Do you know how to spot an SMS 419 scam, phishing attack, or fake payment confirmation? If you value your money, you should know what to look out for, writes Dr Piet Streicher, MD of BulkSMS.com.
Although it is encouraging to see more and more businesses using SMS as a communication platform, it’s becoming easier for scammers to trick consumers as a result.
South Africa has one of the highest mobile penetration rates in the world, so it is no wonder that local businesses are increasingly using SMS as a means of communication with their clients. There are many benefits to SMS, both for the businesses and the consumers they serve, but there is also a darker side to this method of communication.
Scammers will, and do, try anything to get their hands on your money. One method they like to use is 419 scams or advanced-fee fraud as they are also called. The 419-scam originated in Nigeria and is named after the article of the Nigerian Criminal Code that deals with fraud.
On e-mail, these scam letters give space for a lot more information and generally speak of an inheritance (worth billions) that the sender is due. The beneficiary, however, needs your bank account in which to deposit the funds and promises the bank account holder a percentage of the inheritance for use of the bank account. As a show of faith, or in order to release the funds, the sender then asks you to deposit a certain amount into another account first. Once you deposit the money, you obviously never hear from the scammer again. They typically get several tranches of money out of victims. The more the victims give, they more they've already committed, and the more they keep giving, up to a point.
The SMS version works in a very similar way, but the message is generally focused around a cash prize you have won, and asks for a deposit in order to release your winnings. “Congratulations!” is a common word used in these advanced-fee scam SMSes. Another identifier is the use of a non-professional e-mail address. The message will pretend that the prize is from a known brand, such as Nokia, but the e-mail address included in the SMS will be a Yahoo or Hotmail address.
Fraudsters have also taken to using SMSes for phishing attacks. Phishing also has its origin in e-mail, but banks have very successfully managed to decrease these attacks through user education. This is a big reason why fraudsters have now moved to using SMS for phishing, because users do not generally expect it.
People also make the mistake of assuming that SMSes are more secure than e-mail, because it seems like a more personal communication method. Unfortunately, this is not the case. Just like a bank will never ask for your confidential information over e-mail, they should never ask for them by SMS either.

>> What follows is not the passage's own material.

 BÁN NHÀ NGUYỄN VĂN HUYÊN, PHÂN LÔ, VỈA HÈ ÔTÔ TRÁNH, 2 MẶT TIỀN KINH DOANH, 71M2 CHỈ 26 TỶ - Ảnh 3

SMS phishing scams are, in a way, even more dangerous than their e-mail counterparts, because it is often a real person that asks you for your details over the phone. For instance, you may receive an SMS (that has been replicated from the official version) alerting you that you have logged on to your Internet banking. The end of the message will read along the lines of “If you have any enquiries, please contact (number)”. Of course you will panic if you are nowhere near your Internet banking service, and immediately phone the number provided. The person who takes the call, however, will unknowingly (comment: I think this means the fraudster doesn’t know he/she is one) be a fraudster who will ask you for your Internet banking details. Once they have these, nothing stops them from accessing your banking online and transferring money wherever they want.
A similar scam fraudsters cotton on to involves fake payment confirmations. Again, an official bank SMS will be replicated, but this time it will be a typical bank SMS payment confirmation. The scammer will purchase goods from you, send a fake payment confirmation and then you will release the goods to them without knowing that the confirmation was a fraud.
These SMSes are sent from individual phones, via international SMS providers or occasionally via a local wireless application service provider (WASP).
Some WASPs look out for these types of scams and close them down where possible. Some WASPs automatically pick up fraudulent messages through filtering methods and block them.
At network level, Vodacom has been the most proactive in terms of preventing fraudulent messages originating from international networks, although MTN is quickly following suit.
Because of the large financial risks involved, it is worthwhile for network providers to implement solutions that would block fraudulent SMSes. That said, it is important to keep in mind that it is very difficult to track these fraudsters down, because they use stolen identities in the first place. Even if an IP address is traced and the offending computer identified, it would still need to be proven that the alleged scammer used the computer at the time the fraudulent act was carried out.
The most effective thing to do if for consumers to educate themselves as much as possible on these scams and to keep in mind a few basic tips:
* If it sounds too good to be true, it probably is;
* Save the phone number of your bank on your mobile, and always phone your bank to verify potentially fraudulent SMSes;
* Check network operator websites for reports on the latest SMS scams; and
* Report abuse to WASPA.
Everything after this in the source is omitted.